Sybil, No worries, I’m not bothered. And I also agree.

I said it was fine, but she made it clear she had no intention of going there.

My own assumption is, of course, that she didn’t think she could examine all of it in ten minutes :wink:


Oh oh oh your poor husband. That sounds like it was awful, but kind of nice that someone said something that could lighten the mood a bit. And it IS very clever and funny!



Ok, I don’t even think that’s funny! That makes me mad. That’s not providing care for you, that’s sheer stupidity! You and your insurance company pay for care not for nonsense. Write a letter to the practice manager.

Not my story but… My neighbor was having trouble with dizzy spells. With 3 young children and a hubby that worked long hours it was a huge problem. Couldn’t drive, didn’t feel safe to carry her little one. She made an appointment with her GP who sent her to an ENT.

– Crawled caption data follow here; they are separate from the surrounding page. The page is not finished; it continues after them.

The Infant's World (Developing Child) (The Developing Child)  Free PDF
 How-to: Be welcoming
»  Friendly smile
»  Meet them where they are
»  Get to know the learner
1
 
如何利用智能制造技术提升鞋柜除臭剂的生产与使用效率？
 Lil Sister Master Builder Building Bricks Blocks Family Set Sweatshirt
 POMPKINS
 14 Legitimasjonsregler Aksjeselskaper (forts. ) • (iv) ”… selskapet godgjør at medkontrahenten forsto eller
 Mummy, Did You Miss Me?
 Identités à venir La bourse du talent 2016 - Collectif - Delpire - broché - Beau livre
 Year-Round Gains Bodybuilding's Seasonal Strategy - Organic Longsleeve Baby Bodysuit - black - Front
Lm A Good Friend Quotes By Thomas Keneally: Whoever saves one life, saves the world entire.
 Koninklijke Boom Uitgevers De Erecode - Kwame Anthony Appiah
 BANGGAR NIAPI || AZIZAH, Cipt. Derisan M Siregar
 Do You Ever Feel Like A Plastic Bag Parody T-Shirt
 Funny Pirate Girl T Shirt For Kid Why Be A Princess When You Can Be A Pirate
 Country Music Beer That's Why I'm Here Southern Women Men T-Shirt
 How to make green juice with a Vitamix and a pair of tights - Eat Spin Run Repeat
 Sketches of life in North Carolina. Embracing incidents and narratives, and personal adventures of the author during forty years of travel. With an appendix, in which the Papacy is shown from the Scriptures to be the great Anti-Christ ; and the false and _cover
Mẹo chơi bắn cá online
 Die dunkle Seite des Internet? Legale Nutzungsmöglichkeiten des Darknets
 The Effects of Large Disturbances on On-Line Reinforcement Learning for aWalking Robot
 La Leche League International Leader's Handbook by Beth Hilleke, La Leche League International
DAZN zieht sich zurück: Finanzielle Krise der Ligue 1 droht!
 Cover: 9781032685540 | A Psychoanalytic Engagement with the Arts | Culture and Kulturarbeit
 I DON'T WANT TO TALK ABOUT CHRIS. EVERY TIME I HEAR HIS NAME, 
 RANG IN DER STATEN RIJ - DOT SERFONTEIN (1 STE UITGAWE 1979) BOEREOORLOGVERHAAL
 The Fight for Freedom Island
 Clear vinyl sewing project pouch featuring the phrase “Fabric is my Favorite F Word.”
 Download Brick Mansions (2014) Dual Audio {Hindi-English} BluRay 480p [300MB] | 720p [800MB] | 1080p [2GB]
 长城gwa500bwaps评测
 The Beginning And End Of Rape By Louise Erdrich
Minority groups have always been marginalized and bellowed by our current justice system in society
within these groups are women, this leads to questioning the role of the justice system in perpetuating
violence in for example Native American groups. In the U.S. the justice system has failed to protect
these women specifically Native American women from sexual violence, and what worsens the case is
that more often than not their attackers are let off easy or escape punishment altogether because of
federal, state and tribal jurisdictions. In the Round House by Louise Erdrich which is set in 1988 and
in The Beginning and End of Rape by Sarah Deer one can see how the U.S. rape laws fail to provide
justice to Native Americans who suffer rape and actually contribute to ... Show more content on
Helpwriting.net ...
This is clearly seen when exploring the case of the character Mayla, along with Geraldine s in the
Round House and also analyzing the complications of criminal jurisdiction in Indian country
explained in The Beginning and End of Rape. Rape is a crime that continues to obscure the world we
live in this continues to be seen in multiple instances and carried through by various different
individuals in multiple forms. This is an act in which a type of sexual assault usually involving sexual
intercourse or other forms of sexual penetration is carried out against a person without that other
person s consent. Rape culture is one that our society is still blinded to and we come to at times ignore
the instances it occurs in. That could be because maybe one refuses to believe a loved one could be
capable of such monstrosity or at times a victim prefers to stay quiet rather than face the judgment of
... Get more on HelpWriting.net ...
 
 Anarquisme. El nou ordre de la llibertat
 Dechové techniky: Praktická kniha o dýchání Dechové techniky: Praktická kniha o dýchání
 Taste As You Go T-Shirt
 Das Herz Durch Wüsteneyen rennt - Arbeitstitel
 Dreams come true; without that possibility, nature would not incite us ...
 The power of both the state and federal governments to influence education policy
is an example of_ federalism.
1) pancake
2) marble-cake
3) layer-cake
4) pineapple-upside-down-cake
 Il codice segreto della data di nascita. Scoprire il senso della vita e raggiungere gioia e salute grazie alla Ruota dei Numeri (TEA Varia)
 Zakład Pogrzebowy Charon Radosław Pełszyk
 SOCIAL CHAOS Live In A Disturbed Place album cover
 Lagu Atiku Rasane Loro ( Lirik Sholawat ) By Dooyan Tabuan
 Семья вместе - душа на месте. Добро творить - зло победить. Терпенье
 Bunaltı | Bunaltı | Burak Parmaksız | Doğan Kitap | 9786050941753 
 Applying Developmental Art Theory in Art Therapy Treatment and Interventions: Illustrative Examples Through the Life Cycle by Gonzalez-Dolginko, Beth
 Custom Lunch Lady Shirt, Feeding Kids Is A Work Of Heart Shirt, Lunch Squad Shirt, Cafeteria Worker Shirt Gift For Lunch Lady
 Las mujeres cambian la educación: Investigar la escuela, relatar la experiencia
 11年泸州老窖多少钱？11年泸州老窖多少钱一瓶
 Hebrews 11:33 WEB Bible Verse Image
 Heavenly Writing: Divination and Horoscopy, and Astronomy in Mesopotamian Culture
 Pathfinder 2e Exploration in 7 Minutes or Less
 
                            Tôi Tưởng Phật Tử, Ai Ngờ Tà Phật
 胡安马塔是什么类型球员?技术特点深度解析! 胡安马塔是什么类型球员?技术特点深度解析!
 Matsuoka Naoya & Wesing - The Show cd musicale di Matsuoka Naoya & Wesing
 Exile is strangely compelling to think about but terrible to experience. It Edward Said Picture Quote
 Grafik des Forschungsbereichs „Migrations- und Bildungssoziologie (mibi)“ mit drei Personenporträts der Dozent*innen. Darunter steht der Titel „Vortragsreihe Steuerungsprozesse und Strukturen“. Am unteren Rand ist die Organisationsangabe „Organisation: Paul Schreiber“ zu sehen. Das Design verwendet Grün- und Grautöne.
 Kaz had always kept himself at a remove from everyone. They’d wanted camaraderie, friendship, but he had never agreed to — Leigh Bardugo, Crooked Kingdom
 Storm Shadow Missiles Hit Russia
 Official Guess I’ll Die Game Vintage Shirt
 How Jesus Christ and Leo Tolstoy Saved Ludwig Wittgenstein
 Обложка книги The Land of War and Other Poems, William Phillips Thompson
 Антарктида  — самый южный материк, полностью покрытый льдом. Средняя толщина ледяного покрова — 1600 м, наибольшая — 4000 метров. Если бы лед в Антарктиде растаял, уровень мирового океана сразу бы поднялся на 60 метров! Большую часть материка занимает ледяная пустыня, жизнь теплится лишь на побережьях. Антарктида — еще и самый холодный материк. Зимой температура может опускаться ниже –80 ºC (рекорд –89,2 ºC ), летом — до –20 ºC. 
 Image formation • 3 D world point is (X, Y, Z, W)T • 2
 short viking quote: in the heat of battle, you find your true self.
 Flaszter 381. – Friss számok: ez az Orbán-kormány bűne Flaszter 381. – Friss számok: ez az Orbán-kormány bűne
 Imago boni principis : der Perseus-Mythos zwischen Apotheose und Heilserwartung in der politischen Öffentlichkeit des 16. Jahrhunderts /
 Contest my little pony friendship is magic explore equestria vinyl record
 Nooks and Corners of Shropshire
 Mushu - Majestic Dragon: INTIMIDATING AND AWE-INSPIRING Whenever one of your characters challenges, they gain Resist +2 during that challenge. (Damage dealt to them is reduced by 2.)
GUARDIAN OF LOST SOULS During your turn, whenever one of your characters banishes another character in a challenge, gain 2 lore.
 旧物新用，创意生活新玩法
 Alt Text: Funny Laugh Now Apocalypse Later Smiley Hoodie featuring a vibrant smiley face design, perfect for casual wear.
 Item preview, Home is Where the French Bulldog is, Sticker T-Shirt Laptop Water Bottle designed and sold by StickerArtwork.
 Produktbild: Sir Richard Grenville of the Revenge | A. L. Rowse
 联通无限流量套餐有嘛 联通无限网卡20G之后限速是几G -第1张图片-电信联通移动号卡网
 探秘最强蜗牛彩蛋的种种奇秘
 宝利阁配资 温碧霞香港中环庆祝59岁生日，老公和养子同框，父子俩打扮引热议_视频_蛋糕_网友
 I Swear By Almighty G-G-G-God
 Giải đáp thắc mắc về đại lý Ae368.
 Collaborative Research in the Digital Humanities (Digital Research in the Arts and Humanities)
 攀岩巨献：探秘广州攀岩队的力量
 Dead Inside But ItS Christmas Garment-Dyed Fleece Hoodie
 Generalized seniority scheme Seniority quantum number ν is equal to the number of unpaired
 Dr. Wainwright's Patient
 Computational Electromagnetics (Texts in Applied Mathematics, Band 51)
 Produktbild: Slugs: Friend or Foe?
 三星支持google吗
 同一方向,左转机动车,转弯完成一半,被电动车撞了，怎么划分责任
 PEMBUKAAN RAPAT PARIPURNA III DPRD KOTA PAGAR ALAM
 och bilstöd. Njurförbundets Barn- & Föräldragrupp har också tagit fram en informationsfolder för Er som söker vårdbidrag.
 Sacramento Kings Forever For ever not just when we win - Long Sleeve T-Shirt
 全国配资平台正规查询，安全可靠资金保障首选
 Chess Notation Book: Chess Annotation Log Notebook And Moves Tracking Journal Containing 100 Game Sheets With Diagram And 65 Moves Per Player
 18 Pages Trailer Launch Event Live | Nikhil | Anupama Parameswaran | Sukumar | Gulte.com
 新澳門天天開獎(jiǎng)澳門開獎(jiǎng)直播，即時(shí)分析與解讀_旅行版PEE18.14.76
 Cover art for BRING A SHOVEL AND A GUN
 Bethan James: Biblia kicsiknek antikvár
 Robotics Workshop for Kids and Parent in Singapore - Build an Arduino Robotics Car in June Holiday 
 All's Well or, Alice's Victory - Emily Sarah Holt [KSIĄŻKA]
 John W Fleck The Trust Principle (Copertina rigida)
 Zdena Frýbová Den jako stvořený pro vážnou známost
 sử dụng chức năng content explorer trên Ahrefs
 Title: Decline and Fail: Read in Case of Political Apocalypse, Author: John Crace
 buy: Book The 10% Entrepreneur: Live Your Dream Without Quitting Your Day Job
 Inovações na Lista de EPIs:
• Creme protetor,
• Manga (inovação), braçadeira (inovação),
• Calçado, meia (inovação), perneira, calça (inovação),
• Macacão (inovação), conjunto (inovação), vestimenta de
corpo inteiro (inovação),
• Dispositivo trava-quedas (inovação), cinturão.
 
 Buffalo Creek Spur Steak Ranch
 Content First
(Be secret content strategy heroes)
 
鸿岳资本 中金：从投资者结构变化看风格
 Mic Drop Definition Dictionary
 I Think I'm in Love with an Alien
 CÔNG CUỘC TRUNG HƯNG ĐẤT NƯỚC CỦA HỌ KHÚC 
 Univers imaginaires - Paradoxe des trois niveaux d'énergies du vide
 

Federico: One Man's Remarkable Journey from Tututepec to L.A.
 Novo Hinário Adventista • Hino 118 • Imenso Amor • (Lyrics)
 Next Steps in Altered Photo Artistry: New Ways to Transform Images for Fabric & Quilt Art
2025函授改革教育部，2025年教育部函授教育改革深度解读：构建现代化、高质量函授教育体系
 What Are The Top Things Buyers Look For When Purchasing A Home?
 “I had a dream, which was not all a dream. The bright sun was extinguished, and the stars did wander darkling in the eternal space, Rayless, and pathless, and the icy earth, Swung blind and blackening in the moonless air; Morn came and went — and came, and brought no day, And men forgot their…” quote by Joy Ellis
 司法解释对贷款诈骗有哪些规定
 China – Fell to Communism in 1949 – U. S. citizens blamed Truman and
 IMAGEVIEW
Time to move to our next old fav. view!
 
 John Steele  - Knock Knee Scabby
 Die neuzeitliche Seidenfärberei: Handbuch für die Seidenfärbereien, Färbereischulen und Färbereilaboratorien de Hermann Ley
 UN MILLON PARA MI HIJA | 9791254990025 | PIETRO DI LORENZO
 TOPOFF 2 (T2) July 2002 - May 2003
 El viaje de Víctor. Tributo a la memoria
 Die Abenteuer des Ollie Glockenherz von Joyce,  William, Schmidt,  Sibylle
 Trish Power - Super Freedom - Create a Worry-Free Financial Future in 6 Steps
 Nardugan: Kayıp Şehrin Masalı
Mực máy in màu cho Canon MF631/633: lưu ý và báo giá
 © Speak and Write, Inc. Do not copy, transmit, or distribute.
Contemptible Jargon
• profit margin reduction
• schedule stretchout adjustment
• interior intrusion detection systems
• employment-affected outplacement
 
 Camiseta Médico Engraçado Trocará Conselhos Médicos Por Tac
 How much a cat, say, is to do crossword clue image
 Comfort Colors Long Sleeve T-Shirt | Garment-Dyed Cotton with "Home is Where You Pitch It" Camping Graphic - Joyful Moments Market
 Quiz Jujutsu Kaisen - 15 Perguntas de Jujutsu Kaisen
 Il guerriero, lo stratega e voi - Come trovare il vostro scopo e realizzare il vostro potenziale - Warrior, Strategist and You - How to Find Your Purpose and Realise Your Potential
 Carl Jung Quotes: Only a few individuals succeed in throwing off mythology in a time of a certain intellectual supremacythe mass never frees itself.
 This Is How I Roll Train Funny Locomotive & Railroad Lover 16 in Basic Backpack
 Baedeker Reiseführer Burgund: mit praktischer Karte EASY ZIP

The ENT came in and did a lot of different testing. At the end of the appointment he told her ‘Ok here’s what you need to do. Get at least 8 hrs of sleep every night, eat well, and try not to get dizzy.’ Can you imagine? Her hubby was sitting right next to her and looked her dead in the eye and said ‘See all you need to do is to try not to get dizzy.’

I guess the doctor heard how stupid it sounded and amended his delivery to say that there was no physical thing in the ear that was causing the dizziness and explained things she could try but really can you imagine he actually thought it was helpful to tell her to try not to get dizzy?


Milo, Wow! Yes “just try not to get dizzy!”

Well yes obviously! If the doctor can’t see what’s wrong with you you must be causing it yourself or making it up!